После реформ Клисфена, после установления афинской демократии политические группировки на протяжении большей части V в. до н. э. возглавлялись представителями аристократической прослойки – «политических фамилий», как называет их У. Р. Коннор (Connor, 1971, p. 10), то есть тех семей, которые на протяжении ряда поколений имели традиции участия и лидерства в политической жизни. Не означает ли это, что они тем самым основывались на аристократической, антидемократической идеологии? Нам уже приходилось выше высказываться против довольно распространенного утверждения о том, что афинская аристократия была слоем консервативным, противившимся прогрессу, враждебным демократии и т. п. Легко заметить, что на протяжении архаической и значительной части классической эпохи во главе любых прогрессивных реформ стояли представители аристократической верхушки общества. В частности, все «отцы-основатели» афинской демократии – от Солона до Перикла – принадлежали к кругу древней знати. Ни в коем случае не следует ставить знак равенства между понятиями «аристократы» и «олигархи». Характерно, что в период, когда движение, характеризующееся обычно как олигархическое, достигло в Афинах пика (конец V в. до н. э., время переворотов Четырехсот и Тридцати), среди лидеров антидемократических гетерий мы почти не находим выходцев из старинных аристократических родов. Довольно редким исключением является, в частности, Критий из рода Кодридов. Основной социальной базой переворотов было зажиточное крестьянство, гоплитская прослойка, отвернувшаяся в кризисных условиях от во многом скомпрометировавшей себя радикальной демократии. Аристократы же, повторим, внесли наибольший вклад как раз в демократизацию афинского полиса. Думается, не случайно, что период наивысшего расцвета подрывных гетерий был одновременно и периодом, когда в Афинах пресекается политическая традиция аристократического лидерства.

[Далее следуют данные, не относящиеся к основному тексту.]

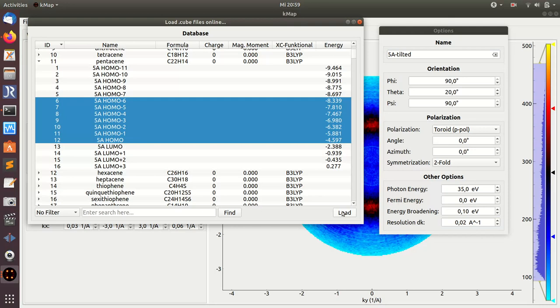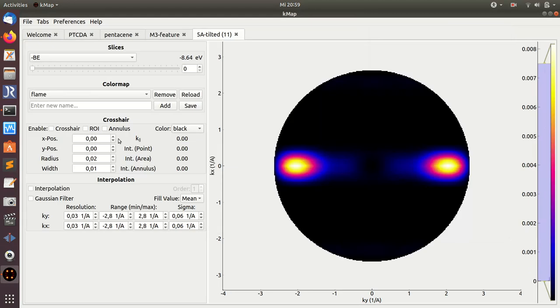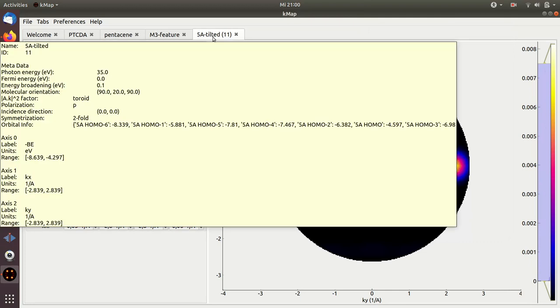Now this will take a few seconds because now all those orbitals, seven all together, have to be downloaded from the internet. The cube files have to be downloaded, imported into KMAP, and then stacked together. Now it's already finished. So what I see here is again a data cube of photoemission intensity. I see here again a tooltip where I get the information about what has been chosen on the import as metadata information.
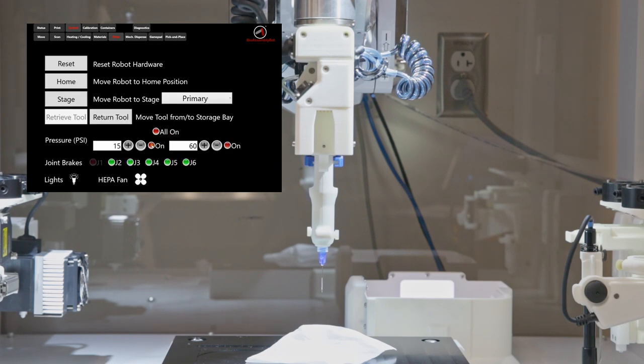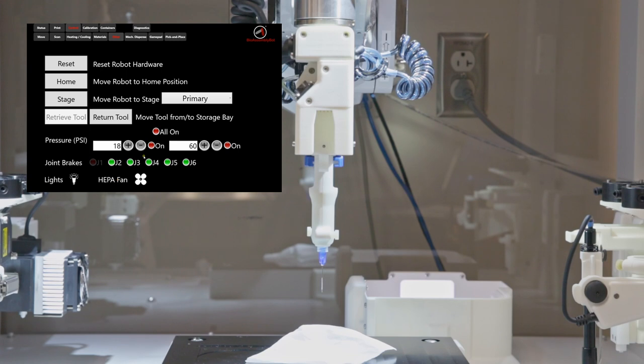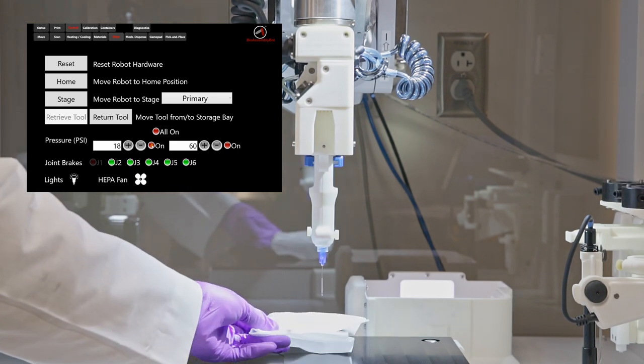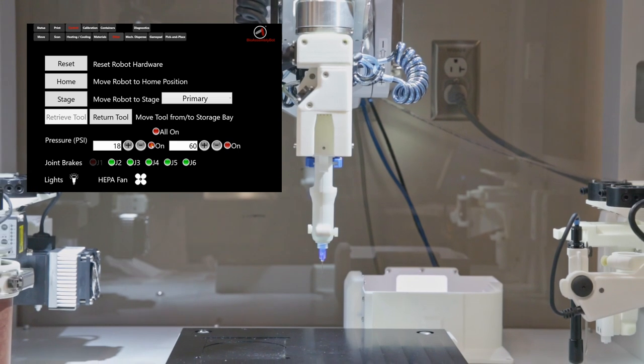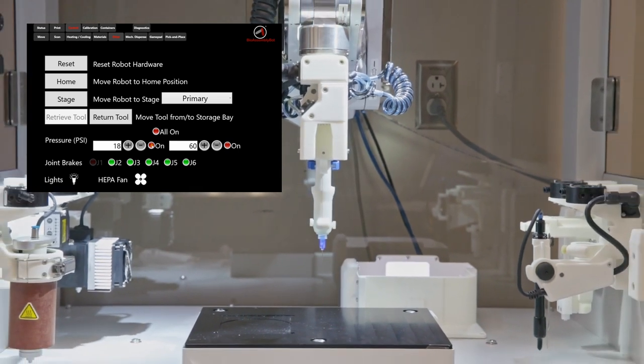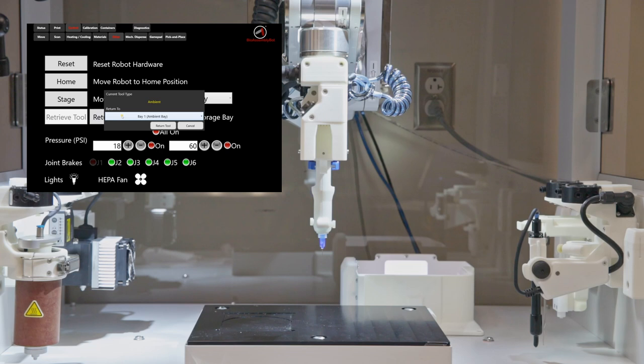Remember, the extrusion pressure changes from material to material and depends on the needle size. We can increase the pressure for printing at higher speeds. Let's try extrusion at 18 psi. As we can see, the extrusion is faster, so we can use this for faster printing. Now clean the tip and return the printhead to its bay.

Итак, вряд ли есть серьезные основания говорить об антидемократической идеологии аристократических лидеров афинского полиса. Выходцы из древних родов искренне и честно шли на службу демократическому полису, отождествляя его интересы со своими. «Аристократия интегрировалась в демократический полис», – справедливо замечает Л. П. Маринович (Маринович, 1998, с. 331). Кимон, например, считается (и во многом справедливо) чопорным аристократом-лаконофилом. Но был ли он врагом демоса и демократии? Ни в коей мере. Достаточно процитировать несколько известных строк из Плутарха (Кимон. 10), которые дают очень яркое впечатление о стиле политического поведения Кимона: «…Он велел снять ограды, окружавшие его владения, дабы чужеземцы и неимущие сограждане могли, не опасаясь, пользоваться плодами, а дома у себя приказывал ежедневно готовить обед хотя и скромный, но достаточный для пропитания многих. Каждый бедняк, если хотел, приходил на обед и получал пищу и, не будучи вынужден зарабатывать себе на пропитание, мог заниматься только общественными делами (! –
Таков был стиль жизни самого, если так можно выразиться, «аристократичного» из афинских аристократов и его окружения. Назвать ли все это социальной демагогией, популистскими и пропагандистскими действиями? Отчасти, наверное, можно взглянуть и под таким углом, хотя зачем, если занимаешься пропагандой, вкладывать в руку бедняку деньги молча, то есть тайно? Вроде бы при этом нужно произносить какие-то агитационные лозунги (как это и делается в наше время). Это больше похоже на искреннюю благотворительность, чем на популизм. Но даже если вести речь о популизме, такая политика, мягко говоря, не вполне то, чего мы могли бы ожидать от антидемократически настроенного лидера. Разве враг демоса и олигарх будет заботиться о том, чтобы беднейшие из его сограждан не тратили времени на добывание «хлеба насущного», а посвящали себя общественным, полисным делам? Нечто подобное и с той же самой целью, но только пользуясь иными средствами, делал и Перикл, вводя мистофорию (оплату за исполнение должностей), «театральные деньги» и т. п. Различие (по меньшей мере во внутриполитической области) между этими двумя политиками, которых обычно представляют непримиримыми антагонистами, оказывается значительно меньшим, чем кажется на первый взгляд. Четкую грань между так называемыми «демократами» и так называемыми «олигархами» оказывается крайне сложно, если не невозможно, провести.